But what if fresh water wasn’t so easy to get? According to LiveEarth, almost 1 billion people worldwide live without access to clean, safe drinking water.

World Water Day was established in 1992 by the UN General Assembly to bring awareness about the growing water crisis.

“Today really is a day to allow us all to take a step back recognize the importance of water in our lives and what we can do to better protect it and manage this resource,” says Nicole Silk, managing director of the Global Freshwater Team for The Nature Conservancy.

On this year’s World Water Day, The Nature Conservancy and Crystal Light are teaming up to raise awareness about the importance of taking care of lakes and rivers, sources that Silk says are vital to our water supply.

“In the U.S., over half of our households get water from lakes and rivers, and the fascinating thing is the reality that we really don’t know that,” she says. “It flows; we depend upon it; we trust it’s safe and clean, but really need to do a better job of taking care of our freshwater sources.”

Crystal Light will give to The Nature Conservancy 100 percent of net profits from its powdered drink mix products sold on March 22 – no less than $350,000 and up to $750,000.

According to Silk, the funds will help support five priority river and lake projects throughout the country:

  • The Colorado River is the lifeblood of the intermountain West and touches seven states. It has been impacted by rapid population growth in the west.
  • The Great Lakes Basin holds a fifth of the water on Earth and impacts millions of Americans living on its shores. Even here, freshwater resources are in trouble as a result of climate change, water development and use.
  • The Meramec River, part of the Mississippi River, supplies drinking water to more than 15 million people and serves as a habitat for thousands of fish, birds and other wildlife.

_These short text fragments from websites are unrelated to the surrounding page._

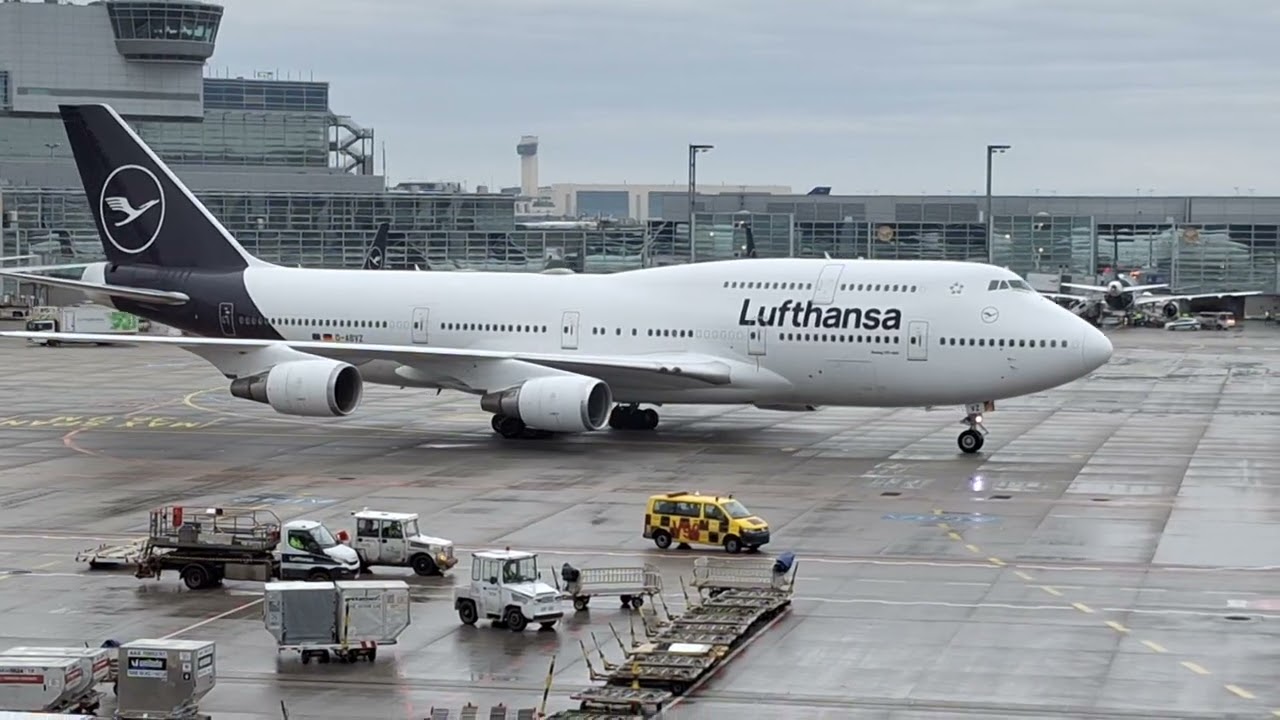 LH755 from Bangalore roll in D-ABVZ  B747-400 !t the gate frankfurt airporr 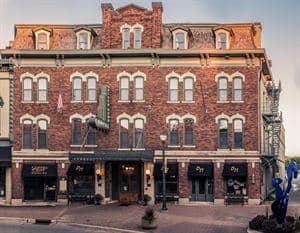 The Black Hawk Hotel and Bar Winslow, Cedar Falls
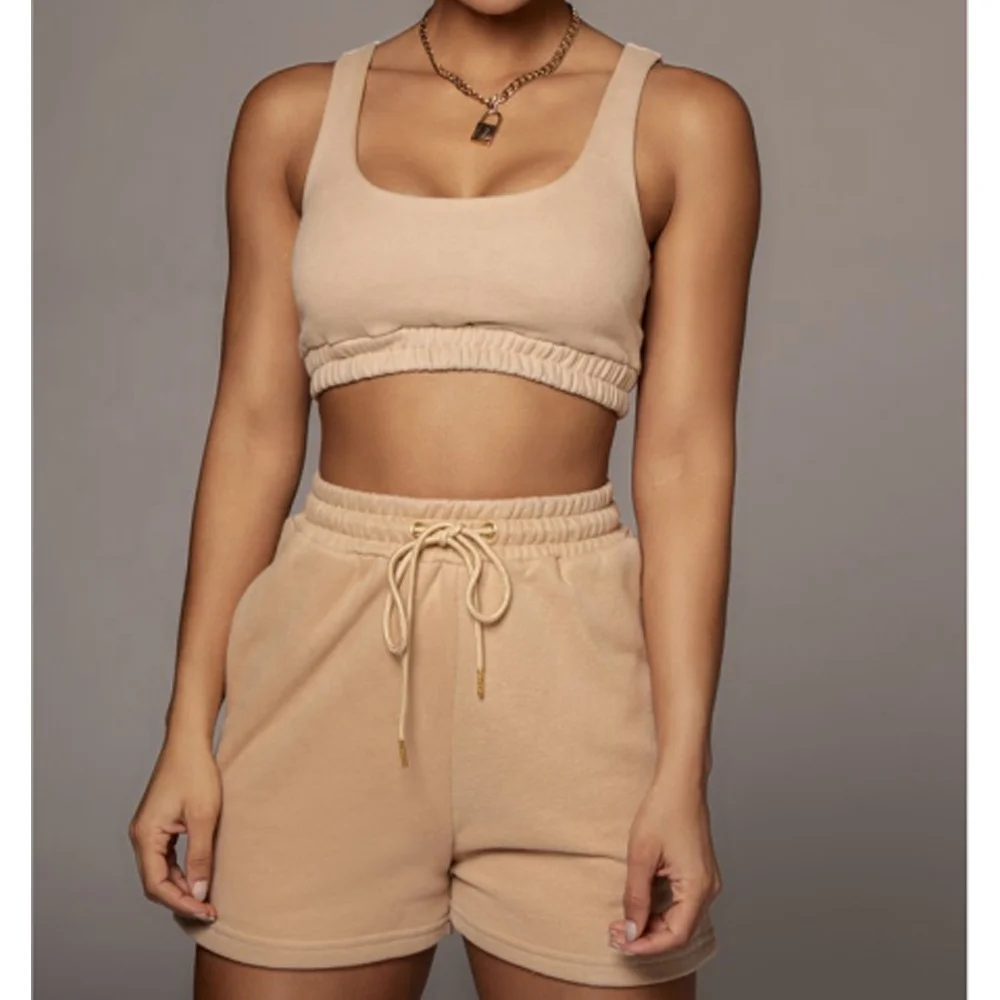 

2021 spring summer high qulity custom logo women jogger 2 piece short set sports casual two piece shorts set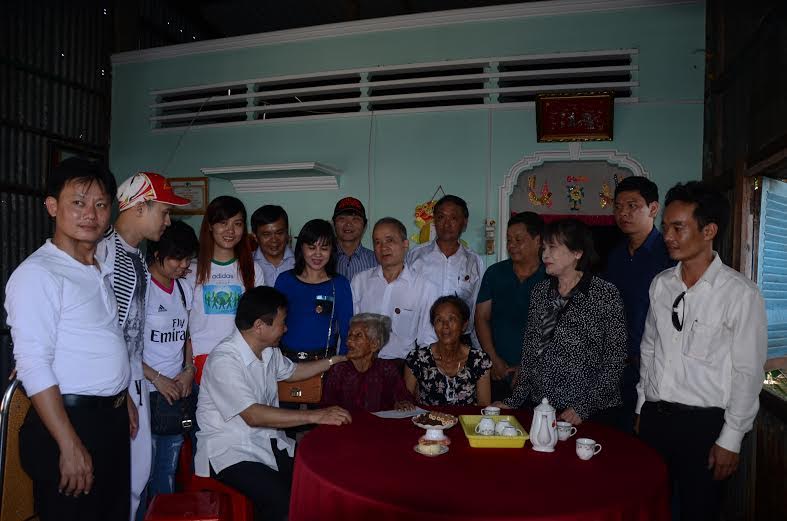 Chương[-]trình[-]“Nghĩa[-]tình[-]Côn[-]Đảo”[-]hưởng[-]ứng[-]Tuần[-]lễ[-]Biển[-]và[-]Hải[-]đảo[-]Việt[-]Nam[-]2016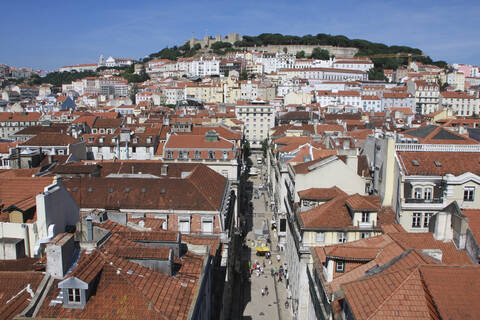 Portugal, Estremadura, Lissabon, Blick über den Stadtteil Baixa mit der Burg Sao Jorge im Hintergrund, lizenzfreies Stockfoto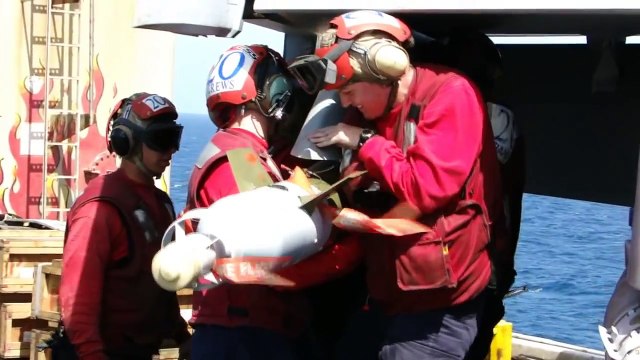 [軍事紀錄-海上雄蜂系列]艦載機F-18大黃蜂的海上運作 IN 企業號航母 USS Enterprise（CVN-65） MV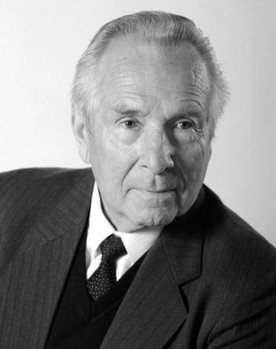 Boris Borisenok as Colonel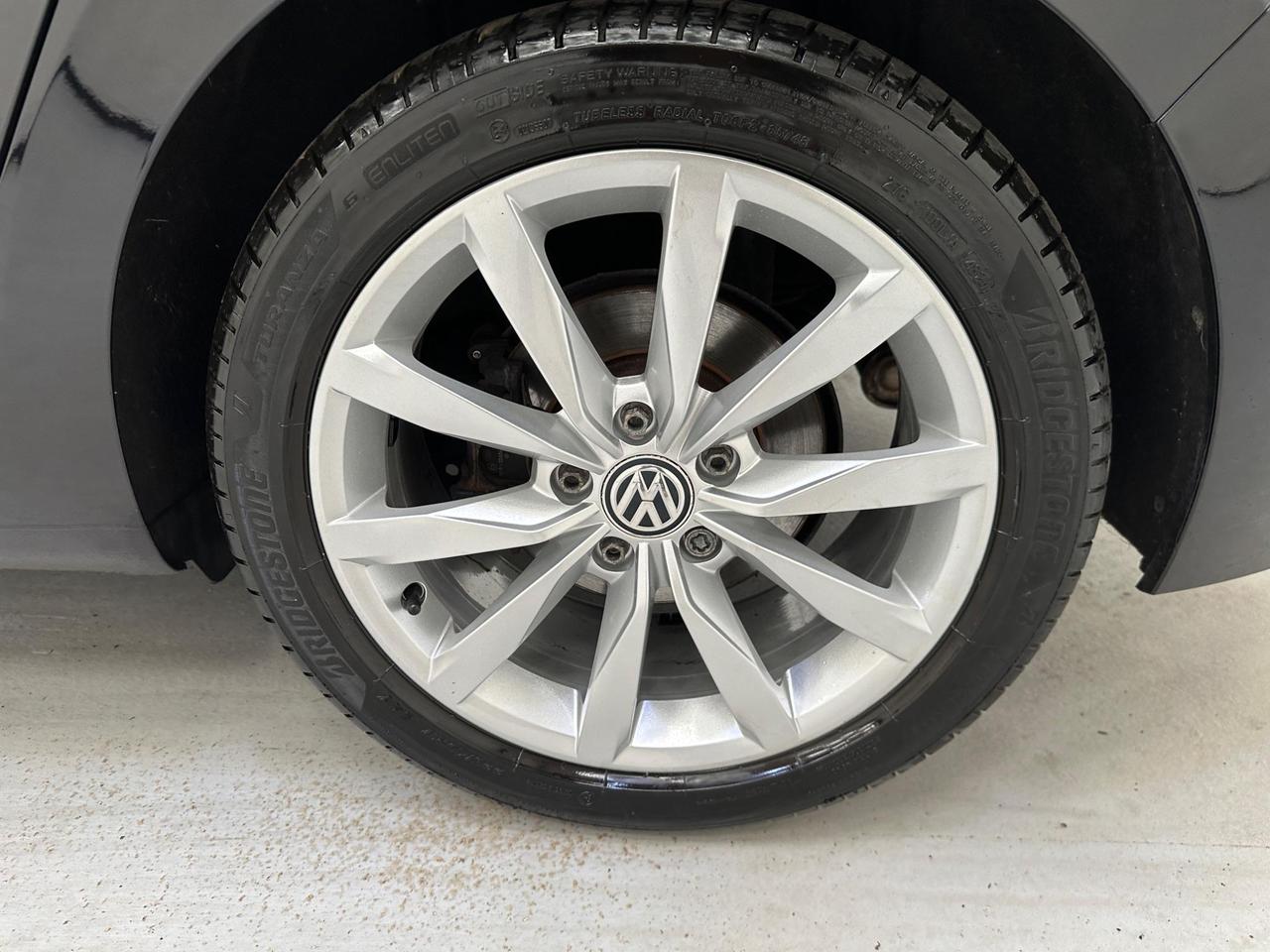 Volkswagen Golf SV LR69XWM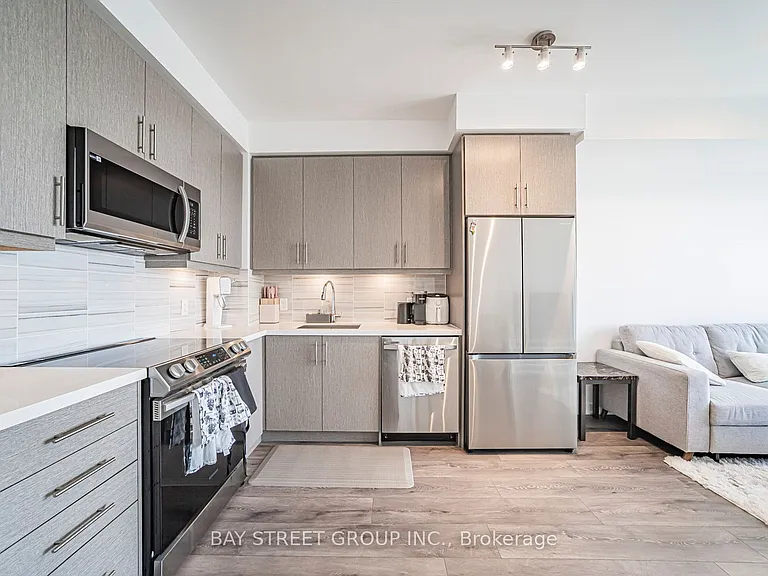 105 Oneida Cres #2509 — Photo 20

Over time, it has been threatened by excessive use, and is one of the Conservancy’s highest priorities.
  • The Potomac River provides drinking water to 4.3 million people living in Maryland, Virginia, West Virginia and the District of Columbia. Rapid population growth has been a serious impact on the river.
  • Southern Rivers and streams, such as the Pascagoula River in Mississippi and the Flint River in Georgia, span all 15 southern states. Recent droughts and increasing water demands have threatened these important bodies of water.

“Partially it’s about money, but it is more about the awareness,” Silk says. “It’s not just money for these five projects, but it is also to support the lessons learned that will be applied around the world to The Nature Conservancy’s ongoing projects in Africa, China and Colombia, among others.”

Silk says Americans’ water consumption doesn’t stop in the home but actually applies to the items we use on a daily basis.

“The big kicker is not necessarily in our own individual water consumption, but is bound-up in the products we use as well,” she explains. “‘Hidden water’ is in the coffee we use […] your favorite pair of jeans or even that tub of butter. There is water used in the production process and getting those products to market. Getting more efficient about our processes – for both food and others things – are all a part of the solution.”

And we may be on the right track to better understanding and reducing our consumption. Silk, who has been involved with conservation for more than 25 years, says she has seen amazing consumer-driven progress that is now a big part of the corporate world as well.

“The world is really changing, and it’s exciting,” she says. “If you would have told me this a quarter-century ago, I would have laughed.”